結果的に、2008年の時点では月間平均残業時間が35.3時間だったのに対し、2013年度は22時間に。さらにその翌年には、18.2時間と、ついに目標の20時間をクリアすることができた。有給休暇取得も、2008年の時点では13.0日だったのが、2013年度は、18.7日。翌年には19.2日と、目標の20日に肉薄した。懸念されていた売上へのインパクトもなく、むしろ業績は好調だ。

直近の2016年度は、月間平均残業時間17.8時間、有給休暇取得18.7日と、記録を更新し続けている。

その効果が、人づてに広がり、メディアからの取材依頼が増えた。働き方改革に興味関心のある企業から、ラブコールが届くようになった。

「SCSKさんに是非話を聞かせてほしいと、お声をかけていただくケースが本当に増えました。本来は人事の仕事の範囲外だけれど、こうして自分たちが発信することで、現場もさらに仕事がしやすくなる。他社の働き方改革の一助になることもできる。そう思って、社外への発信は続けています」

SCSKの取り組みは、確実に世の中のムーブメントを牽引している。

不可能を可能にした
揺るぎない大義。

なぜ、短期間でここまでの成果を出すことができたのか。最後に河辺に聞いてみた。

「中井戸の本を執筆してくださった明治大学大学院グローバル・ビジネス研究科教授の野田稔先生が、こんなことを言ってくれたんですよ。『中井戸さんの試みには大義がある。それは誰から見ても揺るぎないものである。だから、強さがあるんだ』と」

大切な社員の健康を守る。プライベートや家庭を守る。残業が常態化しているままでは、IT企業としてのさらなる成長はない。働き方を改める、スマチャレの試みには、その言葉の通り、大義しかなかった。

「一時的に業績が落ちるのは覚悟する」と言い切るほどの経営トップの強烈なイニシアチブがなければ、こうはうまく行っていないと、河辺は振り返る。

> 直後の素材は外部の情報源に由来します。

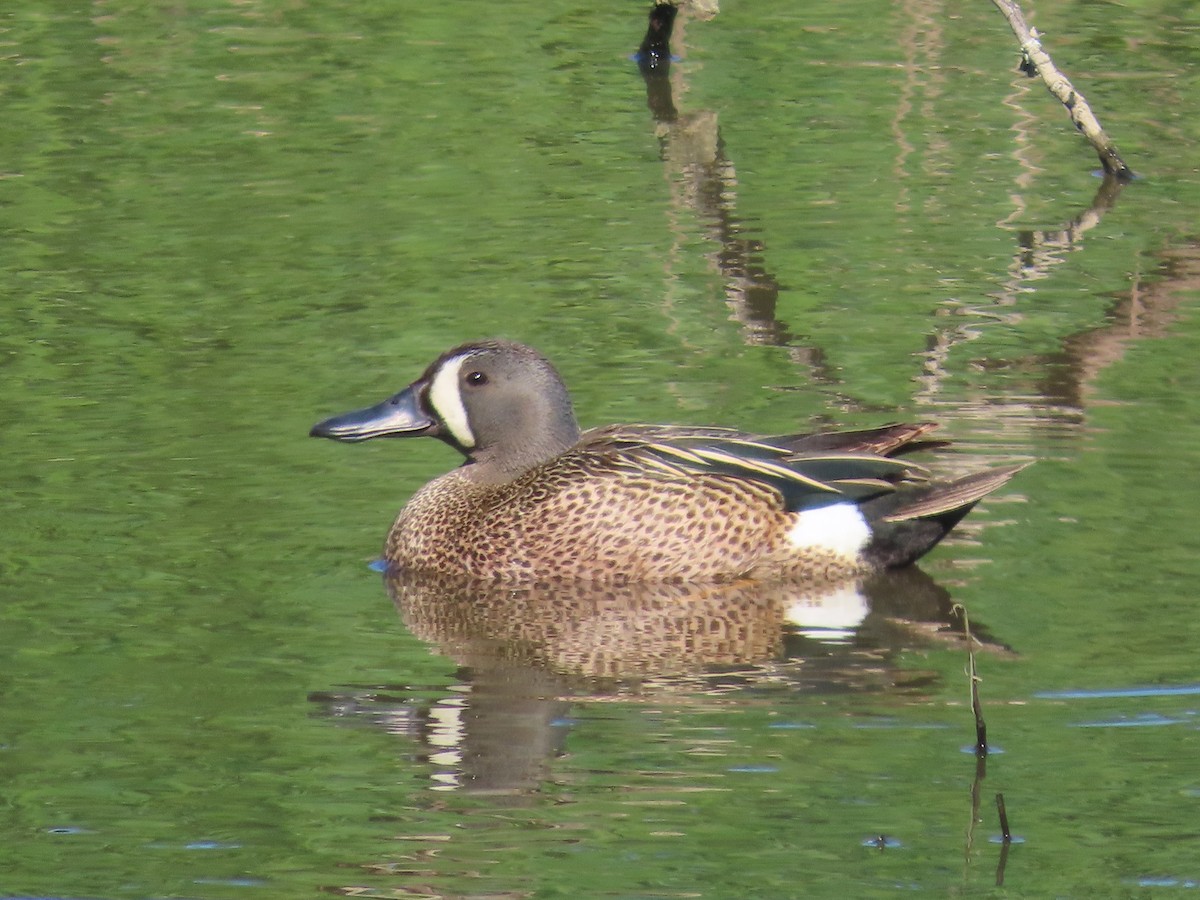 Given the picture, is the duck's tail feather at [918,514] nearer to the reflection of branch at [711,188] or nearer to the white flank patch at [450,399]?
the white flank patch at [450,399]

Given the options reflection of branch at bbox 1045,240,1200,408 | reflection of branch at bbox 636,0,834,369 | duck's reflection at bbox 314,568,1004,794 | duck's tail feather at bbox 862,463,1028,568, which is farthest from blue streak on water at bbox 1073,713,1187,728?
reflection of branch at bbox 636,0,834,369

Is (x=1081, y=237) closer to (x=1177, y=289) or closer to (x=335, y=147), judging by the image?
(x=1177, y=289)

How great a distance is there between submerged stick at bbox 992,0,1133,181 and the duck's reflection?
4.89 m

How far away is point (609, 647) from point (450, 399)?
1.64 metres

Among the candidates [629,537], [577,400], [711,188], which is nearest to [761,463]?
[629,537]

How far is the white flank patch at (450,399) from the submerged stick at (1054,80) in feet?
15.8

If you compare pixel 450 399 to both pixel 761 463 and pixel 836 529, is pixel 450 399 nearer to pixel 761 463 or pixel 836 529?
pixel 761 463

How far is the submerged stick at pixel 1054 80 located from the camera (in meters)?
12.6

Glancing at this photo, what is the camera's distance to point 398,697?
719 cm

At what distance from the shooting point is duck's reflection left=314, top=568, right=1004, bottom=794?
270 inches

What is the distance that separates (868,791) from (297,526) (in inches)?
126

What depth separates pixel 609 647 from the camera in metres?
7.77

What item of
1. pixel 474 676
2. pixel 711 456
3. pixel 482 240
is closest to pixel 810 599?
pixel 711 456

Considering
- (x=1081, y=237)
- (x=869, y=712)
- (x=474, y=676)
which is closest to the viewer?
(x=869, y=712)
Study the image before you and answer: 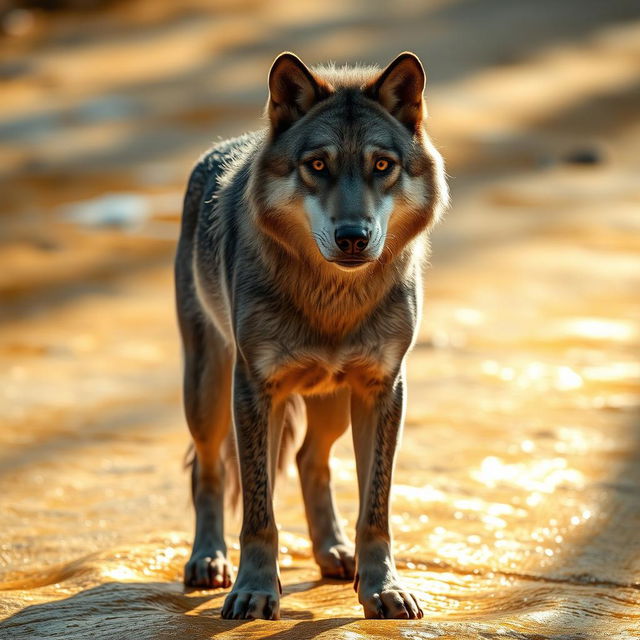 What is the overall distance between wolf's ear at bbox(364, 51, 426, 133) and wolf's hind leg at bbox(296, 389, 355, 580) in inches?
46.2

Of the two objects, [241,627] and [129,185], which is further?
[129,185]

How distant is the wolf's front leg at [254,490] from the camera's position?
13.4ft

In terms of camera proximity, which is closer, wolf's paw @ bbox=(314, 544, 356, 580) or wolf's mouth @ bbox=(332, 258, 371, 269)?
wolf's mouth @ bbox=(332, 258, 371, 269)

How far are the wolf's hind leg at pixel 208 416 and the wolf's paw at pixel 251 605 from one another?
0.75 m

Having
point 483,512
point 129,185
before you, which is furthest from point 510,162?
point 483,512

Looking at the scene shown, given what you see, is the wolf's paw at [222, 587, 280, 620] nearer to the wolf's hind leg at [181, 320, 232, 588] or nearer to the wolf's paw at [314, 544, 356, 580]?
the wolf's paw at [314, 544, 356, 580]

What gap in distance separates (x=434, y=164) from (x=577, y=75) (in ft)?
40.3

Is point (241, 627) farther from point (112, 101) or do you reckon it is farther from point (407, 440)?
point (112, 101)

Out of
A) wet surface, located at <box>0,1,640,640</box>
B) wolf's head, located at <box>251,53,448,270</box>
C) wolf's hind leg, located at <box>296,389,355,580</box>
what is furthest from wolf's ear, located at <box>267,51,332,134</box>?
wet surface, located at <box>0,1,640,640</box>

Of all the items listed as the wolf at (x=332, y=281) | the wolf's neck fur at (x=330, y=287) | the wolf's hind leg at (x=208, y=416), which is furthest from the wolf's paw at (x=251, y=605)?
the wolf's neck fur at (x=330, y=287)

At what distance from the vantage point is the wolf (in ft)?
13.2

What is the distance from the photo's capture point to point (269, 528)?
4164 mm

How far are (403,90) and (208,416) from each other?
1.61m

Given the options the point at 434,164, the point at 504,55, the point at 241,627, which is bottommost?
the point at 241,627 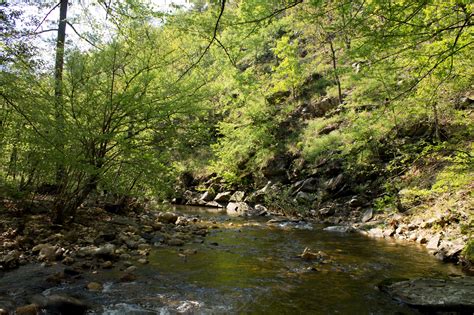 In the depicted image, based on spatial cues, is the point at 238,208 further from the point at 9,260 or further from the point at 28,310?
the point at 28,310

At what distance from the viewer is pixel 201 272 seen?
6.19 metres

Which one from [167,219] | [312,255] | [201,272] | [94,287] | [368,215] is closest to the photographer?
[94,287]

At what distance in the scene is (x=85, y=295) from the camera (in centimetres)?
470

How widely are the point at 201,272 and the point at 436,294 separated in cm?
362

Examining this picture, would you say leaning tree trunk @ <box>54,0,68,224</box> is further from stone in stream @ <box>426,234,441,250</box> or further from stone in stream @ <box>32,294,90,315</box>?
stone in stream @ <box>426,234,441,250</box>

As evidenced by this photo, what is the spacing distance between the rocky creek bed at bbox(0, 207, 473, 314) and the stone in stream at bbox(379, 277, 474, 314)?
0.04 m

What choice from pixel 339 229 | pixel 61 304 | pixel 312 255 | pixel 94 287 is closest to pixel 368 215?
pixel 339 229

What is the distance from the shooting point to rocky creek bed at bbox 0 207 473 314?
459 centimetres

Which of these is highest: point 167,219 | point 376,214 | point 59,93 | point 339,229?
point 59,93

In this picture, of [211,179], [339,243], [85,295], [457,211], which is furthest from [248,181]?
[85,295]

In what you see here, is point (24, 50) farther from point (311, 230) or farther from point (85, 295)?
point (311, 230)

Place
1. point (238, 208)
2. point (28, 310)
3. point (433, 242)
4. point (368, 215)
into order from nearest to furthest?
point (28, 310) < point (433, 242) < point (368, 215) < point (238, 208)

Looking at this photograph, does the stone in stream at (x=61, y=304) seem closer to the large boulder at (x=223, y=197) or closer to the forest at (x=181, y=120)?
the forest at (x=181, y=120)

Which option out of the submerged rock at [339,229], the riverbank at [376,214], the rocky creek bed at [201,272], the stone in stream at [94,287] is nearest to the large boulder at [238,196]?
the riverbank at [376,214] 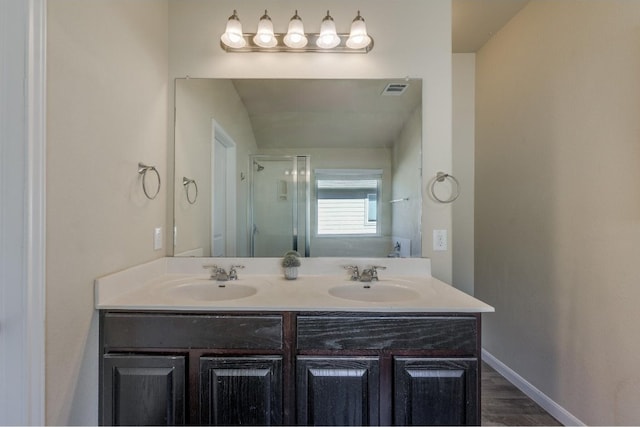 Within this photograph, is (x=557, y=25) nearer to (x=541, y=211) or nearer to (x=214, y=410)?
(x=541, y=211)

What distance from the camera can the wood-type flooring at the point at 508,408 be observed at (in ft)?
5.64

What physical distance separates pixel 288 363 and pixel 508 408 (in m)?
1.61

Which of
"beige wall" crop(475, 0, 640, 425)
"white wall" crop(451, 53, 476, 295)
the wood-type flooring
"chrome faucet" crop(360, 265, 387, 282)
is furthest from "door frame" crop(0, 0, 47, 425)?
"white wall" crop(451, 53, 476, 295)

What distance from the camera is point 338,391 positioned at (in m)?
1.13

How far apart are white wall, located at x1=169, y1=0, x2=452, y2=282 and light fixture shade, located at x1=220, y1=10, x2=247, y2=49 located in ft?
0.31

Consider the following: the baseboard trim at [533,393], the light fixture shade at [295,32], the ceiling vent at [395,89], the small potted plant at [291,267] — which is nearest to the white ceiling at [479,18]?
the ceiling vent at [395,89]

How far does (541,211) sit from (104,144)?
2.41 meters

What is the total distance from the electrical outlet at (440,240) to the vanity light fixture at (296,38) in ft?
3.77

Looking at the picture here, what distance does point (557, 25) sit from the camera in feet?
5.70

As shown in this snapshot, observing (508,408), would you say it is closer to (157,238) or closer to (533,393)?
(533,393)

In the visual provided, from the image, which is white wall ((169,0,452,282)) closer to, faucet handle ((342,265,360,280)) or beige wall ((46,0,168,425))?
beige wall ((46,0,168,425))

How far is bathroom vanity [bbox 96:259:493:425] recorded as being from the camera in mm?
1130

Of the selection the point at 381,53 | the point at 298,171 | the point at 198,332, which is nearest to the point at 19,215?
the point at 198,332

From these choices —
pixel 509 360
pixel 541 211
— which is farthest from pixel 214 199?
pixel 509 360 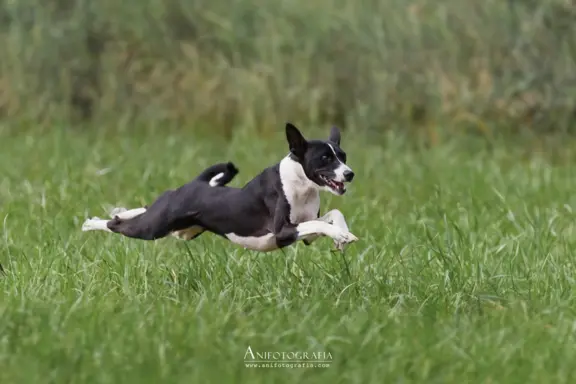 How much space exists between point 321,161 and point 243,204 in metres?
0.39

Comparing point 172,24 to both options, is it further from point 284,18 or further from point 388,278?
point 388,278

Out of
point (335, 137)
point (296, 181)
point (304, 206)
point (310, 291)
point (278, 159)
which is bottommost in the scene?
point (310, 291)

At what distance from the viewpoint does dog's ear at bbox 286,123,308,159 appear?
478 centimetres

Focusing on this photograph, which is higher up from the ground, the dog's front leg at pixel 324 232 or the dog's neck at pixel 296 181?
the dog's neck at pixel 296 181

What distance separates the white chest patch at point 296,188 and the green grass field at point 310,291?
47 centimetres

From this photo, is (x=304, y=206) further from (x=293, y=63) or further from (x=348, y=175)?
(x=293, y=63)

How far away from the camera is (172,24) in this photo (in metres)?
11.1

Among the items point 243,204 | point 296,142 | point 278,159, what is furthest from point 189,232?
point 278,159

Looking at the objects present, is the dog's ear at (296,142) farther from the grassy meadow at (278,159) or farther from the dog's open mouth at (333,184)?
the grassy meadow at (278,159)

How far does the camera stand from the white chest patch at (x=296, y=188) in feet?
15.8

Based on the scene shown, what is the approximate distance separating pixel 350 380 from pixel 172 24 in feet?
23.2

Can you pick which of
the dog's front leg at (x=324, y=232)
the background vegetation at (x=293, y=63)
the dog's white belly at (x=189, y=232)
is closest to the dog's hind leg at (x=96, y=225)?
the dog's white belly at (x=189, y=232)

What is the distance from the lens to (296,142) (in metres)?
4.82

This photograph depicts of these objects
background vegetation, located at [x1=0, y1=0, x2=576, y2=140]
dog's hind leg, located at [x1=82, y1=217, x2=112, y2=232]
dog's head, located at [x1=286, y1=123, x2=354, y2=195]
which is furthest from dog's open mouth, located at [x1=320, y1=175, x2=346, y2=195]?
background vegetation, located at [x1=0, y1=0, x2=576, y2=140] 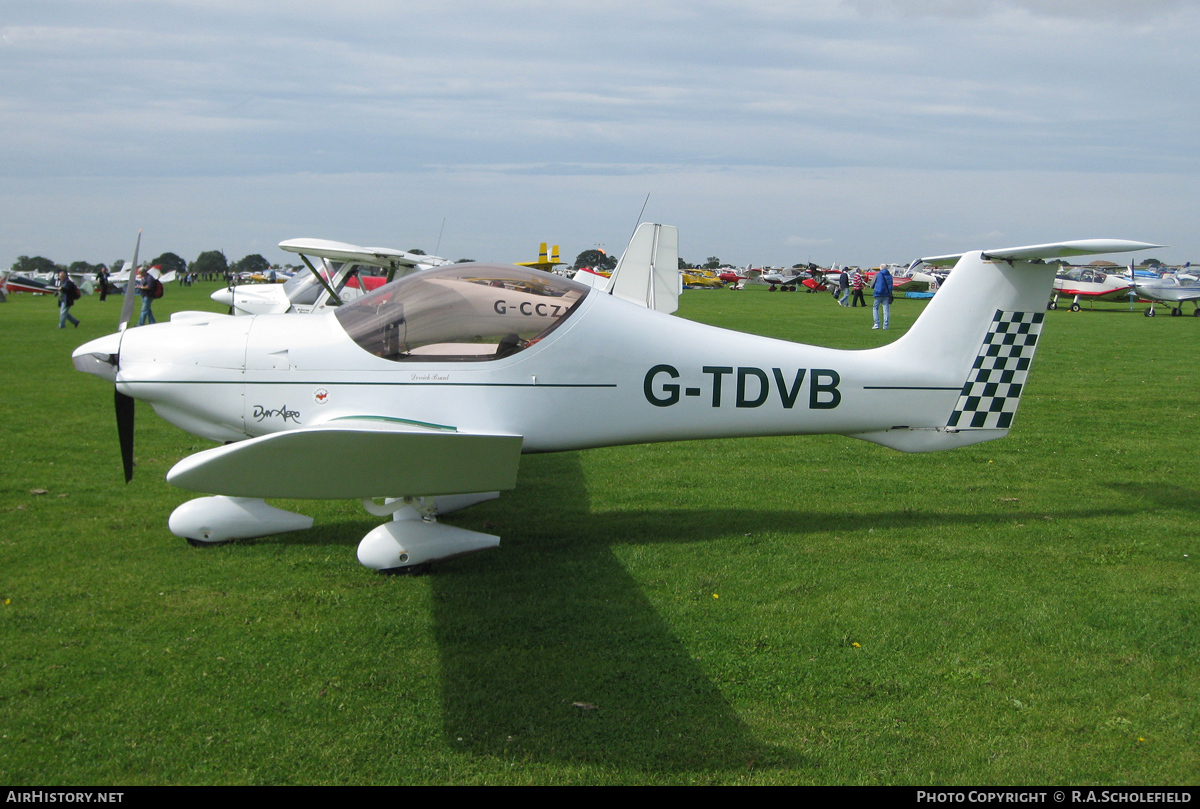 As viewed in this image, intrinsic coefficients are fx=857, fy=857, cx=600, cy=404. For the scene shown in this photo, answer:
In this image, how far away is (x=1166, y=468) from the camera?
802 centimetres

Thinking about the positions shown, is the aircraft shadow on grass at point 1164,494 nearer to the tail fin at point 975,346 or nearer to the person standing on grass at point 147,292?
the tail fin at point 975,346

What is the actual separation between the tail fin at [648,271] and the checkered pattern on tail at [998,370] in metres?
9.73

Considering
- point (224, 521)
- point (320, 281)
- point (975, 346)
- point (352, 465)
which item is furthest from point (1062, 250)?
point (320, 281)

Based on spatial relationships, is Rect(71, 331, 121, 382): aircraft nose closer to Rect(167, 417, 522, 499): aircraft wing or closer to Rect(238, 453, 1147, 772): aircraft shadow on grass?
Rect(238, 453, 1147, 772): aircraft shadow on grass

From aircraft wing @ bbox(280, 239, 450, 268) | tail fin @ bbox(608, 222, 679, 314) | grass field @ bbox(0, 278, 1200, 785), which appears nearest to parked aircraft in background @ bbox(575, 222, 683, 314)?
tail fin @ bbox(608, 222, 679, 314)

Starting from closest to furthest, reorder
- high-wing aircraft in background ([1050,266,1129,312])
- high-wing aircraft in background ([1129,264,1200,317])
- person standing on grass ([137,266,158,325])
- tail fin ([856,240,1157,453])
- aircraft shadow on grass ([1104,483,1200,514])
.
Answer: tail fin ([856,240,1157,453]) < aircraft shadow on grass ([1104,483,1200,514]) < person standing on grass ([137,266,158,325]) < high-wing aircraft in background ([1129,264,1200,317]) < high-wing aircraft in background ([1050,266,1129,312])

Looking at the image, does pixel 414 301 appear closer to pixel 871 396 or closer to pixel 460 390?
pixel 460 390

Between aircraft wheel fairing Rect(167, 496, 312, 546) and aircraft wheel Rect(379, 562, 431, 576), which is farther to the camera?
aircraft wheel fairing Rect(167, 496, 312, 546)

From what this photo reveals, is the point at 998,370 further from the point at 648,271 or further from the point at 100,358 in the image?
the point at 648,271

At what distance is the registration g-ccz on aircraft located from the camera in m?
5.28

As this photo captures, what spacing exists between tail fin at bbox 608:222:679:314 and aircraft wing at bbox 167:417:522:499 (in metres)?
11.4

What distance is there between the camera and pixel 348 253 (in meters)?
14.2

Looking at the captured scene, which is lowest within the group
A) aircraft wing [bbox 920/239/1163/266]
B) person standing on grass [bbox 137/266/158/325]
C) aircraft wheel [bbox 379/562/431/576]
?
aircraft wheel [bbox 379/562/431/576]

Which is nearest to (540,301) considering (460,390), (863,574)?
(460,390) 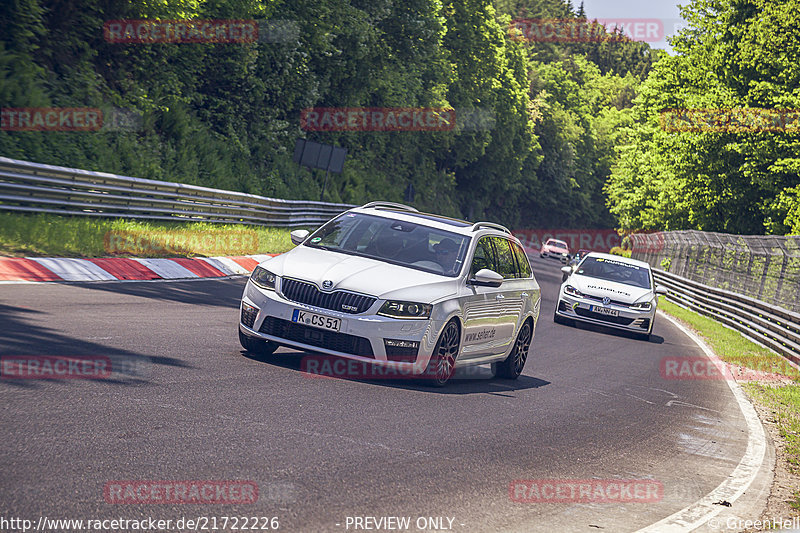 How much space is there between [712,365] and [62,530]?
14.2 m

「一切揺らぐことのないトップの強い覚悟が、まず初めにあったこと。その覚悟に社員全員が共感し、同じ目標を共有できたこと。だからこそ、我が社にとって、本当に大きなイノベーションが実現できたのだと思います」

河辺 恵理(Eri Kawanabe)
執行役員 流通システム事業部門 事業推進グループ長
1986年、住商コンピューターサービス株式会社(現SCSK株式会社)入社。 流通業界、金融業界を中心とした大企業向けのシステム開発、営業、プロジェクトマネージャー、海外パッケージソフトの日本導入などを担当。ライン職を歴任。2013年4月より人事グループ 人材開発部長。2014年4月より同社初の女性執行役員として人事グループ 副グループ長就任。2016年4月より流通システム事業部門 事業推進グループ長就任、現職。